• **WORK INSTRUCTIONS**: Reproduce the listing exactly, so that no line differs from the original.

---------- PROVIDED DATA

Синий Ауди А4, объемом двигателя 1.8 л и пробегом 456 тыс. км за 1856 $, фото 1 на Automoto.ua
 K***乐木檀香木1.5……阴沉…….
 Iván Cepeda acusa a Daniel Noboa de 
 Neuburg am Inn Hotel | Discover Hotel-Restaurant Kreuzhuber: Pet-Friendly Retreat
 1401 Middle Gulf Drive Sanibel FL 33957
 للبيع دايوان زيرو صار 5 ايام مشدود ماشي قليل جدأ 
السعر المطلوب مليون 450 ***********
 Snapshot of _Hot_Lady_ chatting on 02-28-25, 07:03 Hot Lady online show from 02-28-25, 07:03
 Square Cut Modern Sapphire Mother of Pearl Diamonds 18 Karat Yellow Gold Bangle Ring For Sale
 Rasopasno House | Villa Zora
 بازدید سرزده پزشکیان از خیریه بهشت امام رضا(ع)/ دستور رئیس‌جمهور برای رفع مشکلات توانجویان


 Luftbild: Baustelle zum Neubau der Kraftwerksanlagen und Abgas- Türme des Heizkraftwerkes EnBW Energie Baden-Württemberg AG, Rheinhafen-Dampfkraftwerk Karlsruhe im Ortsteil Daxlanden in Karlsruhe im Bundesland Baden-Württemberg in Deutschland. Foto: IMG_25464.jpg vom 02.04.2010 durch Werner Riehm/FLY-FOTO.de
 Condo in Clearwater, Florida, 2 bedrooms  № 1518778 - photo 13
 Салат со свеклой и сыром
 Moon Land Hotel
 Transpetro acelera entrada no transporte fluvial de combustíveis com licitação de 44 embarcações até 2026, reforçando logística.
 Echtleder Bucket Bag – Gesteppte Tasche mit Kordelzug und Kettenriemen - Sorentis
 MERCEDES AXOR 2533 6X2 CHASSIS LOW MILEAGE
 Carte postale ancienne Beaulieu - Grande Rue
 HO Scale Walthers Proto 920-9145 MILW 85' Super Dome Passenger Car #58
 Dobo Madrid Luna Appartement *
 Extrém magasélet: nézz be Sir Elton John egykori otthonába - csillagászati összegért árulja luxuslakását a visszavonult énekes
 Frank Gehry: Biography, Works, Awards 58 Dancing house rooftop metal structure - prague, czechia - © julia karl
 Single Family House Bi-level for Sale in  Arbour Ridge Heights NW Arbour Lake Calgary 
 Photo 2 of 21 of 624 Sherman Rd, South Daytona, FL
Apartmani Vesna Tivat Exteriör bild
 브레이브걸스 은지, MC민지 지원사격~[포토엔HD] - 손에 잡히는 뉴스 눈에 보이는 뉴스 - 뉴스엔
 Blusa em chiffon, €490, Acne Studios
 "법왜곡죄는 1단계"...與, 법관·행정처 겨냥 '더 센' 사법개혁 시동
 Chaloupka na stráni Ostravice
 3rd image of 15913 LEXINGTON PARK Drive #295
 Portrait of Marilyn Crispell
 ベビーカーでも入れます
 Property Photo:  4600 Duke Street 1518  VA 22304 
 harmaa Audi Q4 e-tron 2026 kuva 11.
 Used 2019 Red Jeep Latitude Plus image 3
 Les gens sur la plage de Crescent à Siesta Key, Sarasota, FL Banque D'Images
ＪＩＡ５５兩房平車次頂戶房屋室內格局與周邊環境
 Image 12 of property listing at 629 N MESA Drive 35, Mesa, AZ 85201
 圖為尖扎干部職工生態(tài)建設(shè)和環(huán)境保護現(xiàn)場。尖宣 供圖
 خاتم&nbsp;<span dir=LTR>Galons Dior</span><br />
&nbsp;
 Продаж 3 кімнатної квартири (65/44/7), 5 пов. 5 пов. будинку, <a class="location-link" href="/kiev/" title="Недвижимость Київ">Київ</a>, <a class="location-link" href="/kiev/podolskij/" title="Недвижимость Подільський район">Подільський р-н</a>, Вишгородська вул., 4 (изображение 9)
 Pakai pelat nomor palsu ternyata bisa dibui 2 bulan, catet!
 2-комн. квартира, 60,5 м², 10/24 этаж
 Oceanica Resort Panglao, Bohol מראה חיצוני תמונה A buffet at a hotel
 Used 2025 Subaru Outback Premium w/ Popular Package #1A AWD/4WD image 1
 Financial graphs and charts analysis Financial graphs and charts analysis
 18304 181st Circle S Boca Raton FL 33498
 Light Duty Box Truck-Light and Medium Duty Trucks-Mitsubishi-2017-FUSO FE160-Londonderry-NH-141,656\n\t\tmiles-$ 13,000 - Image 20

--------------------

• **SOLUTION TO THIS TASK**:
Синий Ауди А4, объемом двигателя 1.8 л и пробегом 456 тыс. км за 1856 $, фото 1 на Automoto.ua
 K***乐木檀香木1.5……阴沉…….
 Iván Cepeda acusa a Daniel Noboa de 
 Neuburg am Inn Hotel | Discover Hotel-Restaurant Kreuzhuber: Pet-Friendly Retreat
 1401 Middle Gulf Drive Sanibel FL 33957
 للبيع دايوان زيرو صار 5 ايام مشدود ماشي قليل جدأ 
السعر المطلوب مليون 450 ***********
 Snapshot of _Hot_Lady_ chatting on 02-28-25, 07:03 Hot Lady online show from 02-28-25, 07:03
 Square Cut Modern Sapphire Mother of Pearl Diamonds 18 Karat Yellow Gold Bangle Ring For Sale
 Rasopasno House | Villa Zora
 بازدید سرزده پزشکیان از خیریه بهشت امام رضا(ع)/ دستور رئیس‌جمهور برای رفع مشکلات توانجویان


 Luftbild: Baustelle zum Neubau der Kraftwerksanlagen und Abgas- Türme des Heizkraftwerkes EnBW Energie Baden-Württemberg AG, Rheinhafen-Dampfkraftwerk Karlsruhe im Ortsteil Daxlanden in Karlsruhe im Bundesland Baden-Württemberg in Deutschland. Foto: IMG_25464.jpg vom 02.04.2010 durch Werner Riehm/FLY-FOTO.de
 Condo in Clearwater, Florida, 2 bedrooms  № 1518778 - photo 13
 Салат со свеклой и сыром
 Moon Land Hotel
 Transpetro acelera entrada no transporte fluvial de combustíveis com licitação de 44 embarcações até 2026, reforçando logística.
 Echtleder Bucket Bag – Gesteppte Tasche mit Kordelzug und Kettenriemen - Sorentis
 MERCEDES AXOR 2533 6X2 CHASSIS LOW MILEAGE
 Carte postale ancienne Beaulieu - Grande Rue
 HO Scale Walthers Proto 920-9145 MILW 85' Super Dome Passenger Car #58
 Dobo Madrid Luna Appartement *
 Extrém magasélet: nézz be Sir Elton John egykori otthonába - csillagászati összegért árulja luxuslakását a visszavonult énekes
 Frank Gehry: Biography, Works, Awards 58 Dancing house rooftop metal structure - prague, czechia - © julia karl
 Single Family House Bi-level for Sale in  Arbour Ridge Heights NW Arbour Lake Calgary 
 Photo 2 of 21 of 624 Sherman Rd, South Daytona, FL
Apartmani Vesna Tivat Exteriör bild
 브레이브걸스 은지, MC민지 지원사격~[포토엔HD] - 손에 잡히는 뉴스 눈에 보이는 뉴스 - 뉴스엔
 Blusa em chiffon, €490, Acne Studios
 "법왜곡죄는 1단계"...與, 법관·행정처 겨냥 '더 센' 사법개혁 시동
 Chaloupka na stráni Ostravice
 3rd image of 15913 LEXINGTON PARK Drive #295
 Portrait of Marilyn Crispell
 ベビーカーでも入れます
 Property Photo:  4600 Duke Street 1518  VA 22304 
 harmaa Audi Q4 e-tron 2026 kuva 11.
 Used 2019 Red Jeep Latitude Plus image 3
 Les gens sur la plage de Crescent à Siesta Key, Sarasota, FL Banque D'Images
ＪＩＡ５５兩房平車次頂戶房屋室內格局與周邊環境
 Image 12 of property listing at 629 N MESA Drive 35, Mesa, AZ 85201
 圖為尖扎干部職工生態(tài)建設(shè)和環(huán)境保護現(xiàn)場。尖宣 供圖
 خاتم&nbsp;<span dir=LTR>Galons Dior</span><br />
&nbsp;
 Продаж 3 кімнатної квартири (65/44/7), 5 пов. 5 пов. будинку, <a class="location-link" href="/kiev/" title="Недвижимость Київ">Київ</a>, <a class="location-link" href="/kiev/podolskij/" title="Недвижимость Подільський район">Подільський р-н</a>, Вишгородська вул., 4 (изображение 9)
 Pakai pelat nomor palsu ternyata bisa dibui 2 bulan, catet!
 2-комн. квартира, 60,5 м², 10/24 этаж
 Oceanica Resort Panglao, Bohol מראה חיצוני תמונה A buffet at a hotel
 Used 2025 Subaru Outback Premium w/ Popular Package #1A AWD/4WD image 1
 Financial graphs and charts analysis Financial graphs and charts analysis
 18304 181st Circle S Boca Raton FL 33498
 Light Duty Box Truck-Light and Medium Duty Trucks-Mitsubishi-2017-FUSO FE160-Londonderry-NH-141,656\n\t\tmiles-$ 13,000 - Image 20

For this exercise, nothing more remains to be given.